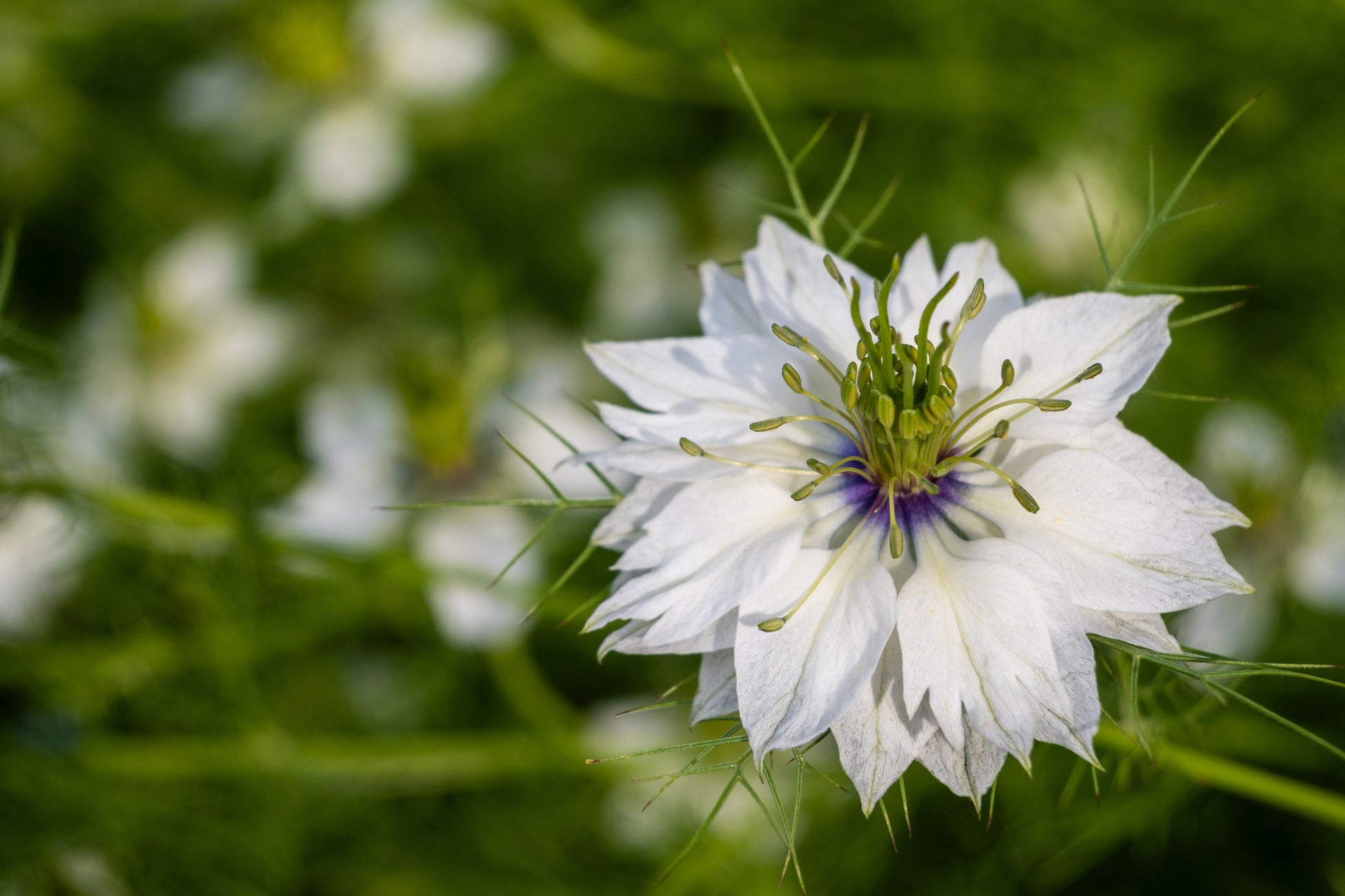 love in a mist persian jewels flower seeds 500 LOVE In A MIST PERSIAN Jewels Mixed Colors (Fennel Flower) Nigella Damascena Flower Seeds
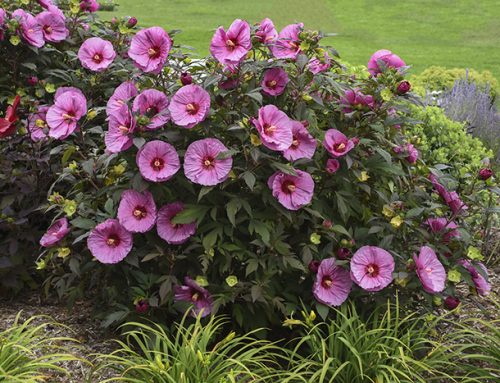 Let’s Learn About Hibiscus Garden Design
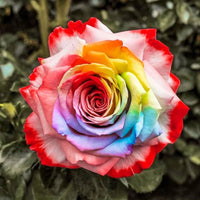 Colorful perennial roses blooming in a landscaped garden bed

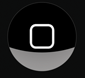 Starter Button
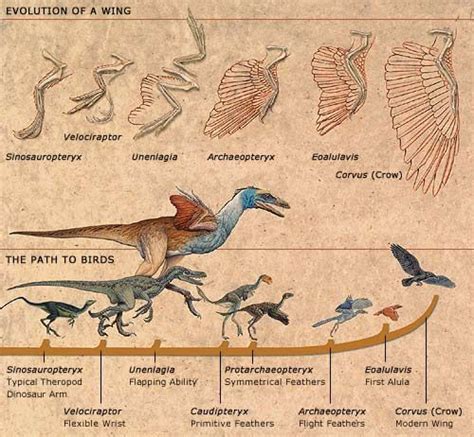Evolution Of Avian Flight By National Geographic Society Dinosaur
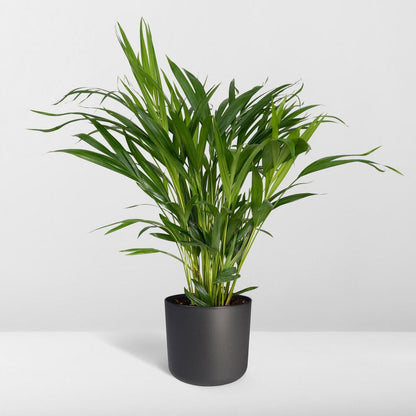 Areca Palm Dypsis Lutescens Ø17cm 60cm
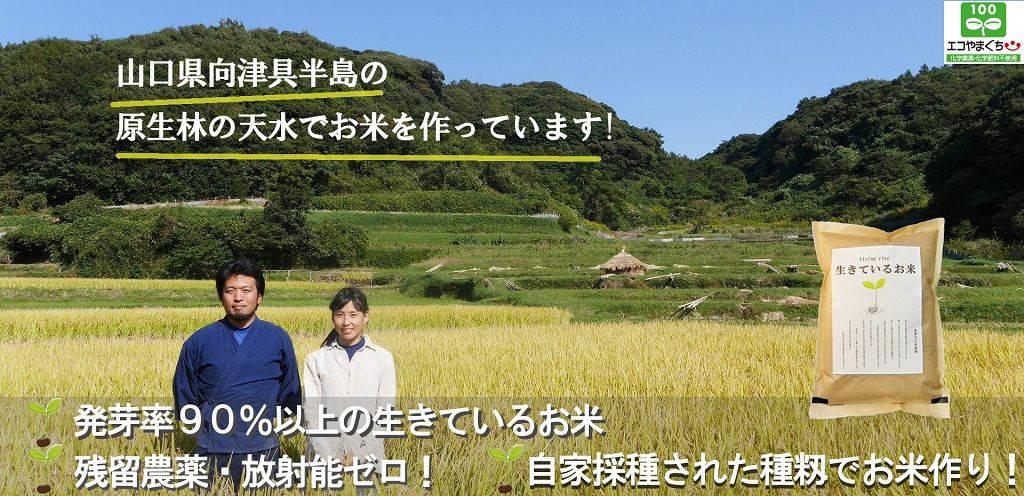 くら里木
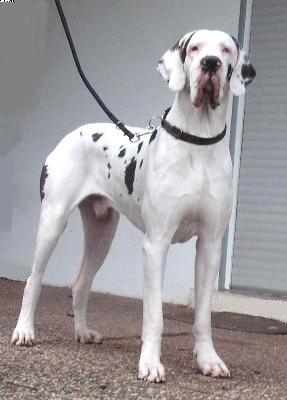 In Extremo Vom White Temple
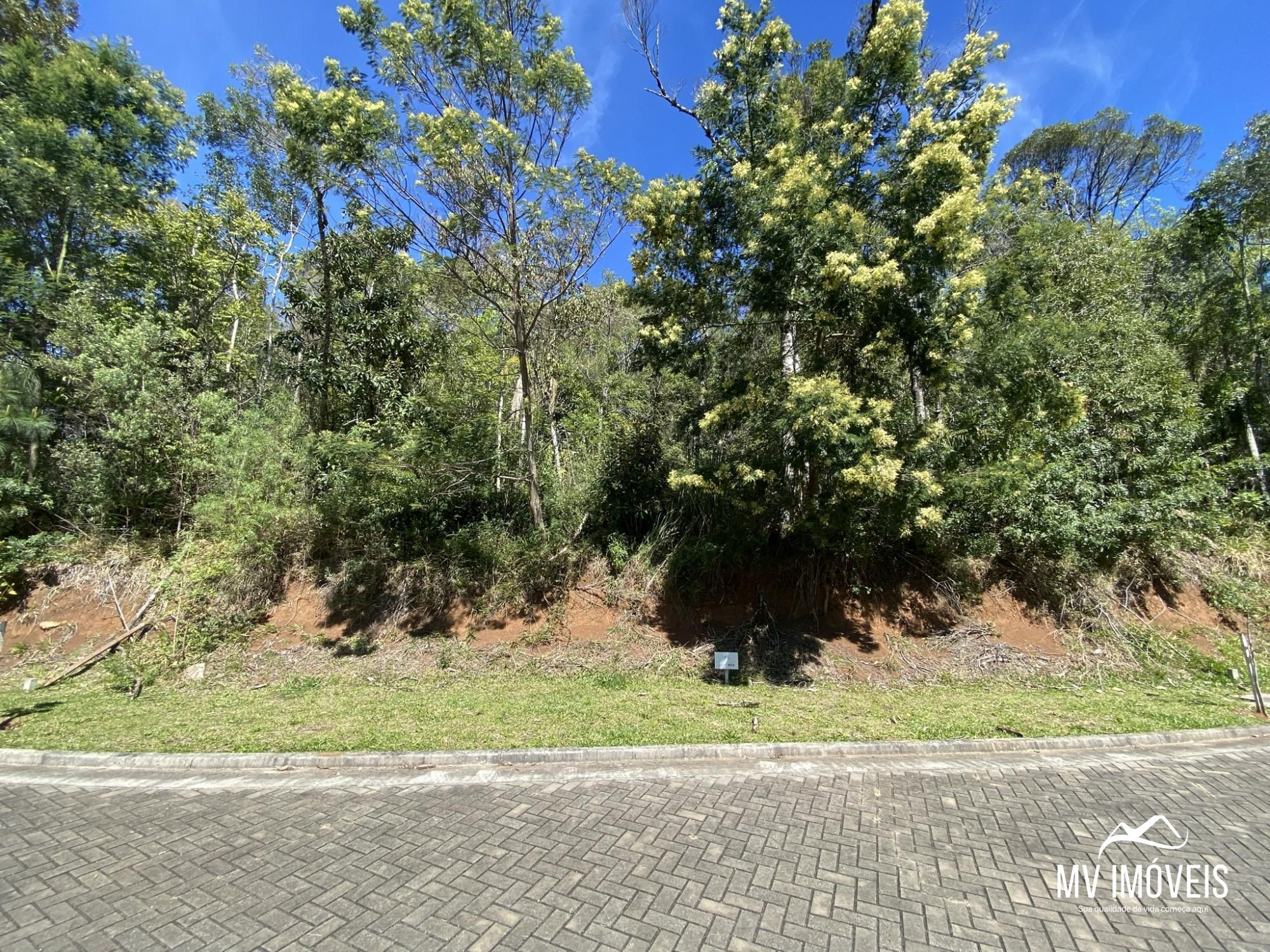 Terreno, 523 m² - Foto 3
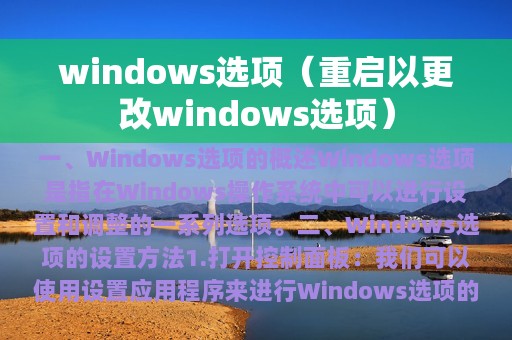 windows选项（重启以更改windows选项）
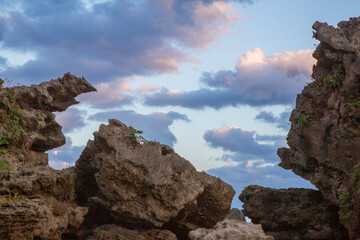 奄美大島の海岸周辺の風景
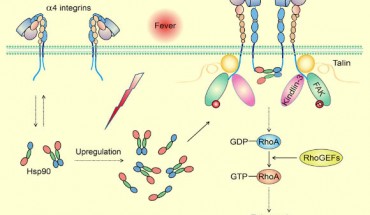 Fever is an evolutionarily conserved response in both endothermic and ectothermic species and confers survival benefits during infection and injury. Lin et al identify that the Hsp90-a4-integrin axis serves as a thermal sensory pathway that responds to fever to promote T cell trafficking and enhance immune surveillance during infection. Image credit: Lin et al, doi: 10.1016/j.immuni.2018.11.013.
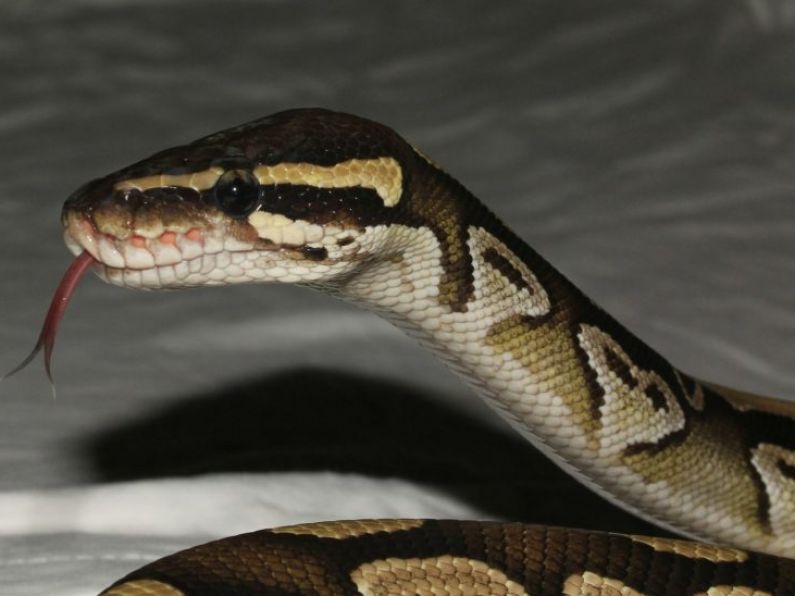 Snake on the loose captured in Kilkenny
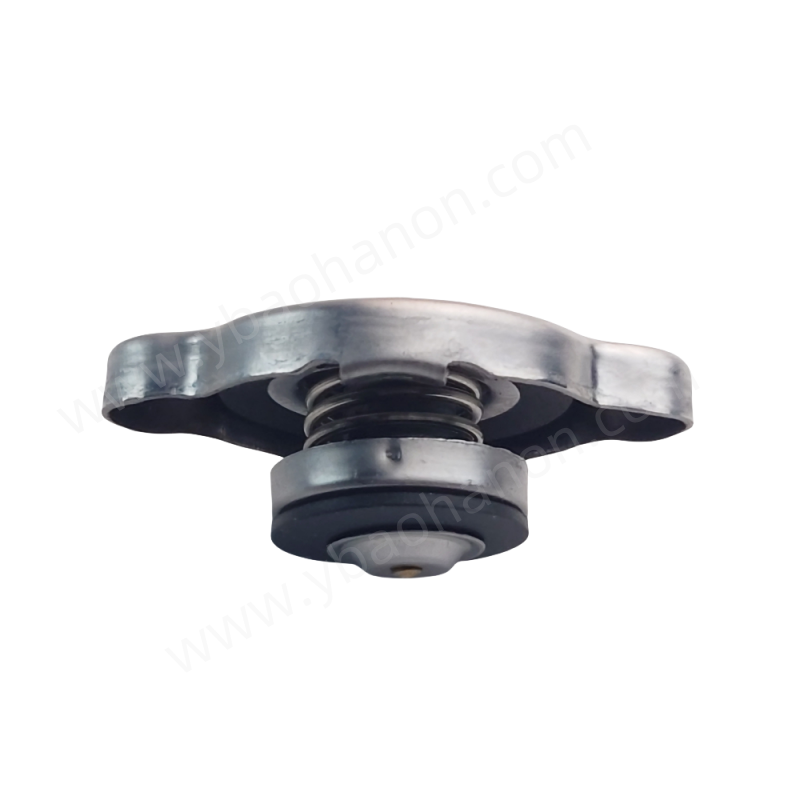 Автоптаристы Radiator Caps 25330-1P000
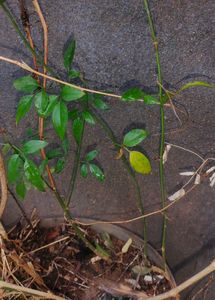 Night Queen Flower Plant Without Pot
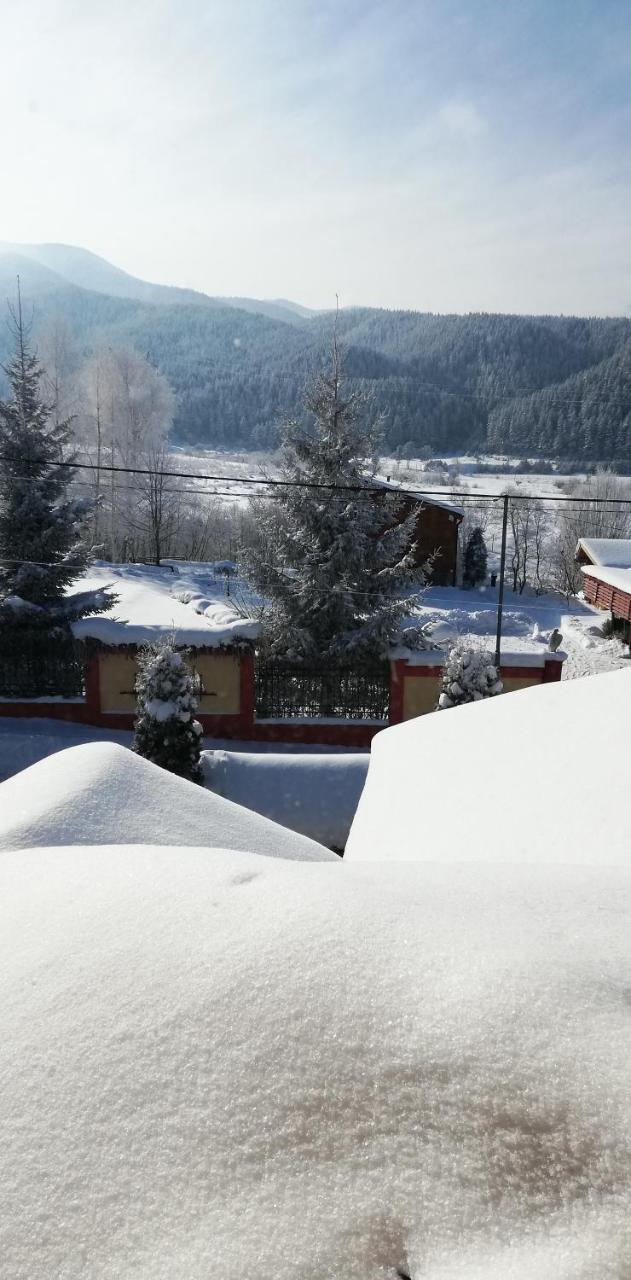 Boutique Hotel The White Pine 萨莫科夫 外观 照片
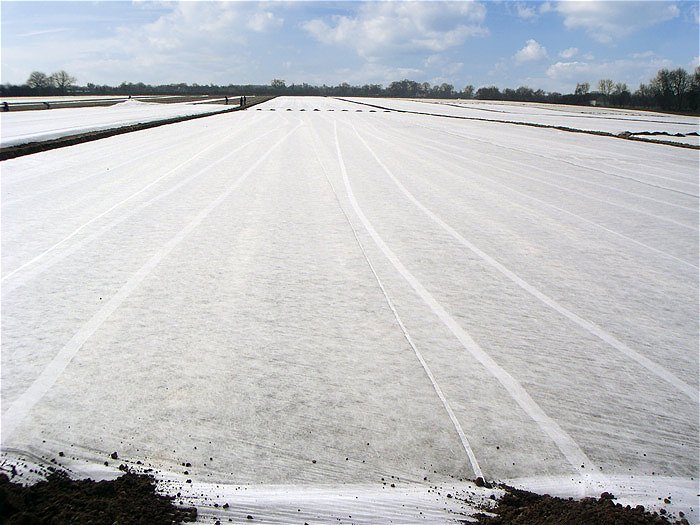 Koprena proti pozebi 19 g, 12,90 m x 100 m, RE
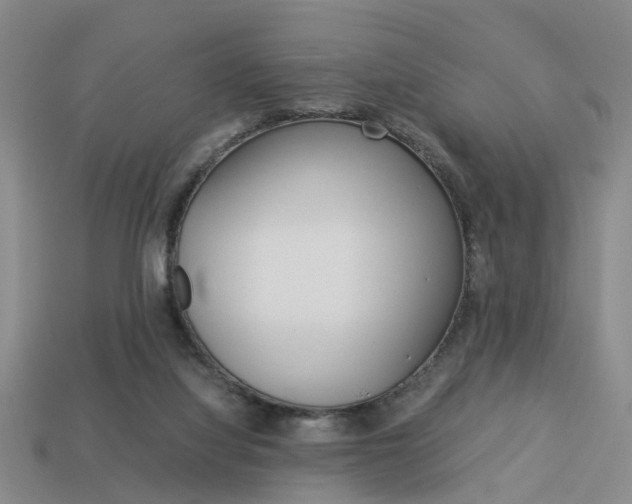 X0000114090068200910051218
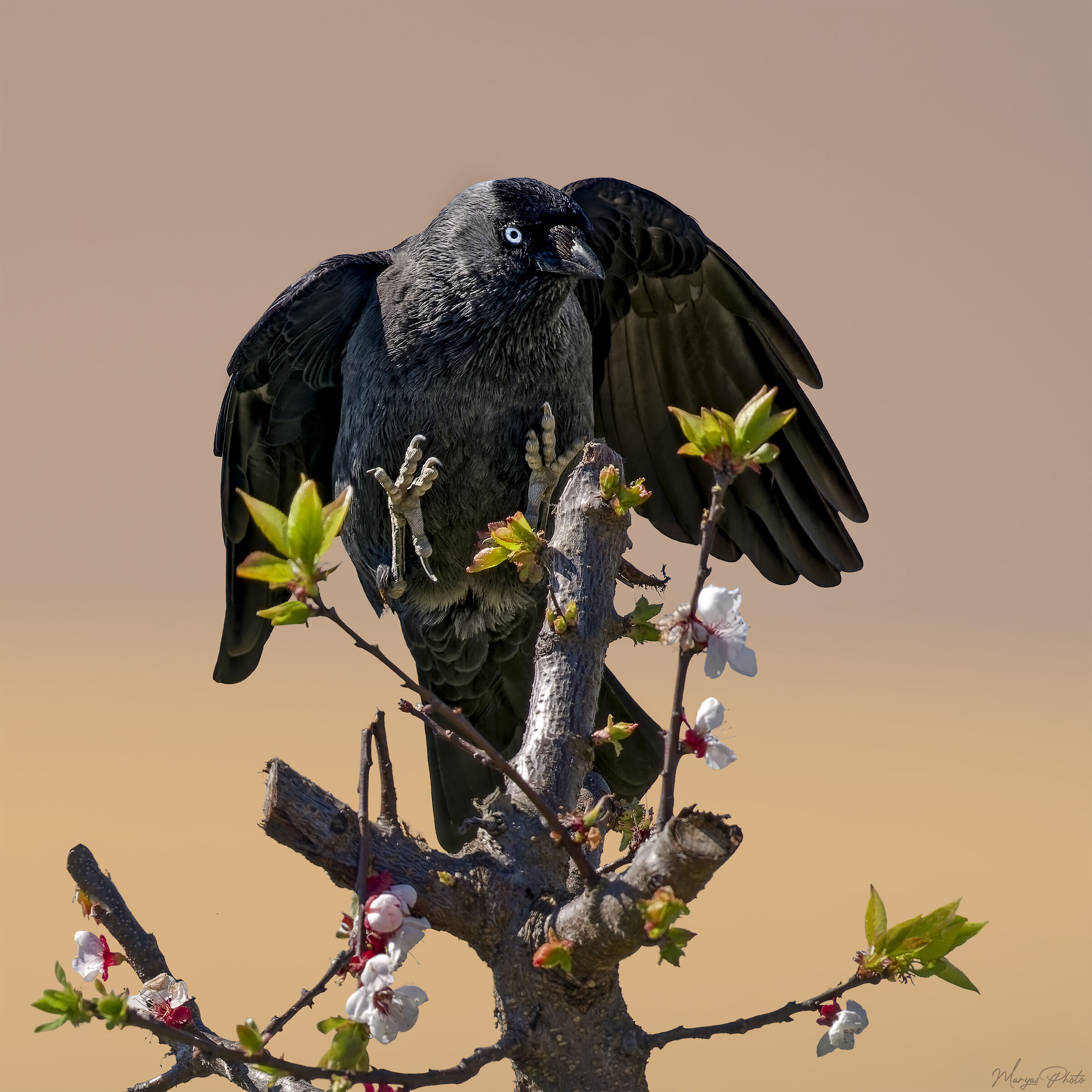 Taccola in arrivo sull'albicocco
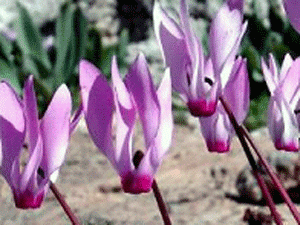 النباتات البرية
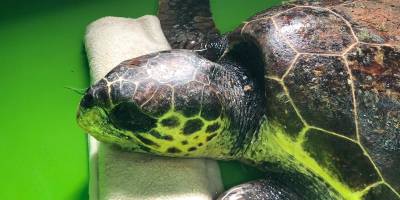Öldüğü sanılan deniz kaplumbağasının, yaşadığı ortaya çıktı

══════════════════════════════

* **About this exercise**
The records above need to be restated word for word, with the pictures left out.

* **Exercise response**
 love in a mist persian jewels flower seeds 500 LOVE In A MIST PERSIAN Jewels Mixed Colors (Fennel Flower) Nigella Damascena Flower Seeds
 Let’s Learn About Hibiscus Garden Design
 Colorful perennial roses blooming in a landscaped garden bed

 Starter Button
Evolution Of Avian Flight By National Geographic Society Dinosaur
 Areca Palm Dypsis Lutescens Ø17cm 60cm
 くら里木
 In Extremo Vom White Temple
 Terreno, 523 m² - Foto 3
 windows选项（重启以更改windows选项）
 奄美大島の海岸周辺の風景
 Fever is an evolutionarily conserved response in both endothermic and ectothermic species and confers survival benefits during infection and injury. Lin et al identify that the Hsp90-a4-integrin axis serves as a thermal sensory pathway that responds to fever to promote T cell trafficking and enhance immune surveillance during infection. Image credit: Lin et al, doi: 10.1016/j.immuni.2018.11.013.
 Snake on the loose captured in Kilkenny
 Автоптаристы Radiator Caps 25330-1P000
 Night Queen Flower Plant Without Pot
 Boutique Hotel The White Pine 萨莫科夫 外观 照片
 Koprena proti pozebi 19 g, 12,90 m x 100 m, RE
 X0000114090068200910051218
 Taccola in arrivo sull'albicocco
 النباتات البرية
Öldüğü sanılan deniz kaplumbağasının, yaşadığı ortaya çıktı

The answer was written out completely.